European Patent Convention 1973 R 104c(2)
Mot-clé : Désignation dans une demande divisionnaire d'un Etat contractant non valablement désigné dans la demande initiale - non
Exergue :

-

Décisions citées :
G 0005/83
J 0015/86
Décisions dans lesquelles
la présente décision est citée :
G 0004/98
J 0032/95
J 0019/96
J 0029/97
J 0008/00
J 0002/01
J 0025/03
J 0040/03
J 0013/14
T 0079/07
T 1196/08

Exposé des faits et conclusions

I. La demande de brevet européen n 94 120 537.9 a été déposée pour le compte du requérant le 23 décembre 1994. Cette demande est issue de la division de la demande européenne n 91 310 023.6, et constitue par conséquent une demande divisionnaire. Dans cette demande divisionnaire, le requérant a désigné les treize Etats contractants suivants : l'Autriche, la Belgique, la Suisse/le Liechtenstein, l'Allemagne, le Danemark, l'Espagne, la France, la Grande-Bretagne, la Grèce, l'Italie, le Luxembourg, les Pays-Bas, la Suède. Lors du dépôt, il a acquitté intégralement la taxe de dépôt, la taxe de recherche, les taxes de désignation pour les treize Etats susmentionnés ainsi que les troisième et quatrième taxes annuelles. Cette demande satisfaisant à toutes les conditions de forme requises, il lui a été attribué le statut de demande divisionnaire.
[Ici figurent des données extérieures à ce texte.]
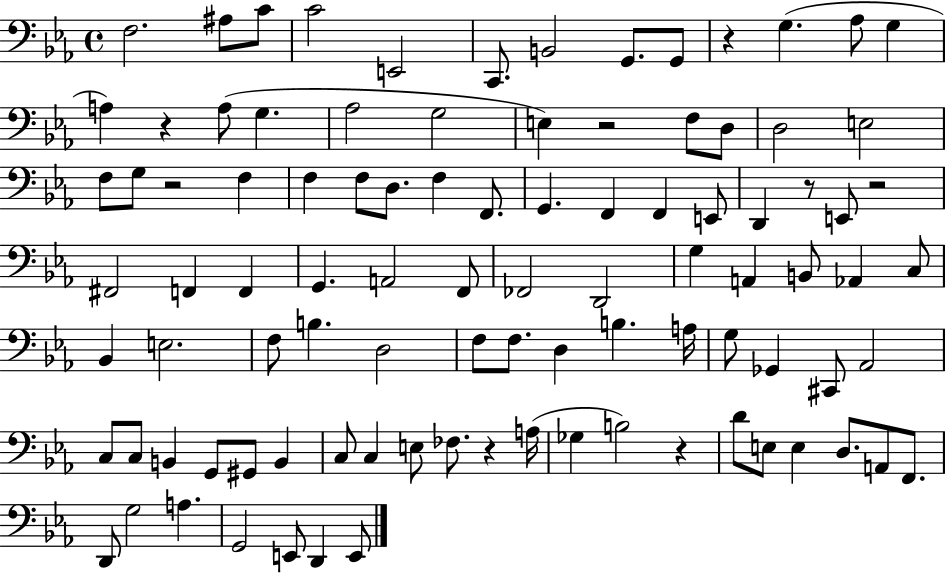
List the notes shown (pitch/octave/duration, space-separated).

F3/h. A#3/e C4/e C4/h E2/h C2/e. B2/h G2/e. G2/e R/q G3/q. Ab3/e G3/q A3/q R/q A3/e G3/q. Ab3/h G3/h E3/q R/h F3/e D3/e D3/h E3/h F3/e G3/e R/h F3/q F3/q F3/e D3/e. F3/q F2/e. G2/q. F2/q F2/q E2/e D2/q R/e E2/e R/h F#2/h F2/q F2/q G2/q. A2/h F2/e FES2/h D2/h G3/q A2/q B2/e Ab2/q C3/e Bb2/q E3/h. F3/e B3/q. D3/h F3/e F3/e. D3/q B3/q. A3/s G3/e Gb2/q C#2/e Ab2/h C3/e C3/e B2/q G2/e G#2/e B2/q C3/e C3/q E3/e FES3/e. R/q A3/s Gb3/q B3/h R/q D4/e E3/e E3/q D3/e. A2/e F2/e. D2/e G3/h A3/q. G2/h E2/e D2/q E2/e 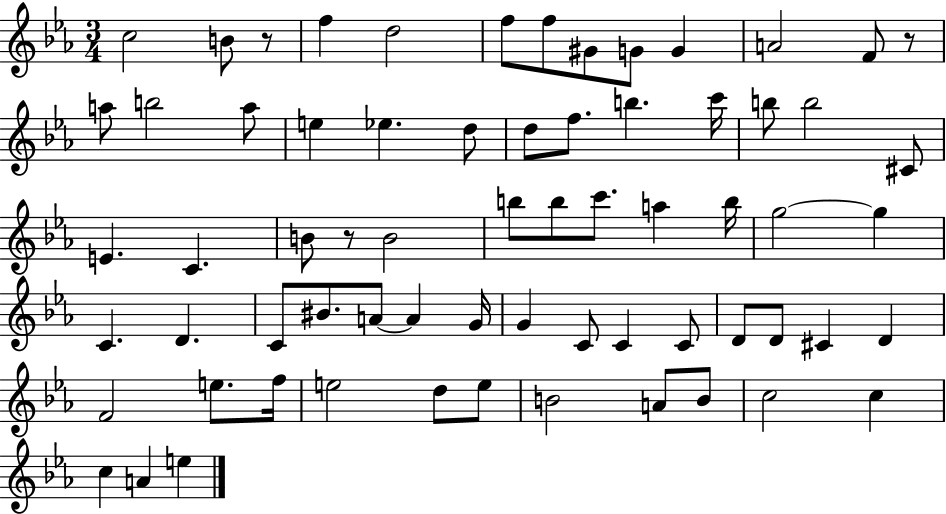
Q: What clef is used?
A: treble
II. La demande initiale, déposée le 30 octobre 1991, désignait à l'origine les treize Etats contractants cités au point I ci-dessus. Toutefois, les taxes de désignation n'ont été payées que pour l'Allemagne, l'Espagne et l'Italie. Par conséquent, avec effet à compter du 1er décembre 1991, les désignations de l'Autriche, de la Belgique, de la Suisse/du Liechtenstein, du Danemark, de la France, de la Grande-Bretagne, de la Grèce, du Luxembourg, des Pays-Bas et de la Suède ont été réputées retirées pour cause de non-paiement des taxes de désignation, et la procédure relative à la demande initiale a été poursuivie uniquement pour les Etats contractants valablement désignés, à savoir l'Allemagne, l'Espagne et l'Italie. Par conséquent, lors du dépôt de la demande divisionnaire le 23 décembre 1994, les seuls Etats contractants qui restaient valablement désignés dans la demande initiale étaient l'Allemagne, l'Espagne et l'Italie.

III. Par décision remise à la poste le 3 avril 1995, la section de dépôt a décidé que la demande divisionnaire ne serait instruite que pour trois Etats contractants : l'Allemagne, l'Espagne et l'Italie, et que les désignations des autres Etats contractants étaient réputées retirées, vu qu'aux termes de l'article 76 (2) CBE, "une demande divisionnaire de brevet européen ne peut désigner d'autres Etats contractants que ceux qui étaient désignés dans la demande initiale". Selon cette décision, la désignation d'Etats contractants dans la demande initiale (antérieure) doit être encore valable à la date du dépôt de la demande divisionnaire (cf. Directives relatives à l'examen pratiqué à l'Office européen des brevets, Partie A, chapitre IV, point 1.3.4). Cette condition n'était pas remplie en l'espèce, un Etat contractant n'étant désigné que si la taxe de désignation a été valablement acquittée (article 79 (2) CBE).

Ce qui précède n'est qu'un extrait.